Astana, capitale amministrativa del Kazakistan, tra pochi giorni, nel mese di luglio, festeggerà i suoi primi 20 anni. Una città nata nel mezzo della steppa per decreto del presidente Nursultan Nazarbayev, uomo forte da oltre 28 anni della Repubblica centro asiatica grande come un continente. Il paese, un tempo snodo lungo la via della seta, aveva bisogno di una nuova grandeur. Difficile rinverdire fatti storici del passato per un popolo che ha diffusamente praticato il nomadismo fino a pochi decenni fa, più facile affidarsi a grosse iniezioni di denaro e di cemento per creare una nuova urbe, meglio se con il contributo di qualche archistar internazionale. Norman Foster nel 2007 mise la sua firma sul progetto del Khan Shatyr, il grande centro commerciale a forma di tenda divenuto simbolo della capitale, un ottimo rifugio per passare le ore di svago durante i lunghi mesi invernali, quando il gelo morde con una temperatura media che tocca i 30 gradi sotto lo zero.
A distanza di soli due anni da quella inaugurazione Berlusconi, nel corso di un incontro bilaterale, espresse la sua “grande invidia” per il fatto che l’ospite kazako fosse riuscito a costruire “in otto anni una città da un milione di abitanti”. Un modello irrealizzabile nell’Italia dominata da vincoli e pastoie burocratiche, da sempre invise all’ex Cavaliere.
Un disegno invece possibile per l’Egitto, dove Il Cairo, città millenaria, potrebbe presto perdere il privilegio di essere capitale. La città destinata ad acquisirne il titolo non ha ancora un nome ma soltanto un’ubicazione precisa: a 40 chilometri ad est dall’attuale megalopoli un pezzo di deserto sta vedendo fiorire grattacieli e centri direzionali, il polmone della burocrazia ministeriale e diplomatica.
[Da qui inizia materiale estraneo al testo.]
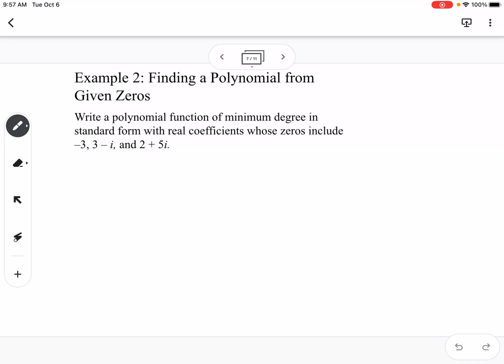We're going to find a polynomial from given zeros. We have three given zeros: negative 3, 3 minus i, and 2 plus 5i. However, two of those are complex, so their conjugates also need to be zeros — which means we also have to have 3 plus i and 2 minus 5i.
Fortemente voluta dal rais egiziano Al Sisi, sarà interessante vedere se la città in costruzione con i fondi ministeriali, anche del potentissimo esercito, decongestionerà l’attuale capitale o se 40 chilometri sono pochi per separare una città con una storia antica da una megalopoli ‘artificiale’. Nel giro di pochi decenni la ‘città (ancora) senza nome’ potrebbe trasformarsi in un’urbe dormitorio oppure – se approvati in futuro altri programmi di speculazione – ricongiungersi alla periferia del Cairo.
Chissà se Eugenio Montale guardando le metropoli costruite in pochi anni per decreto ripeterebbe queste parole: “Le innaturali concentrazioni metropolitane non colmano alcun vuoto, anzi lo accentuano. L’uomo che vive in gabbie di cemento, in affollatissime arnie, in asfittiche caserme è un uomo condannato alla solitudine”.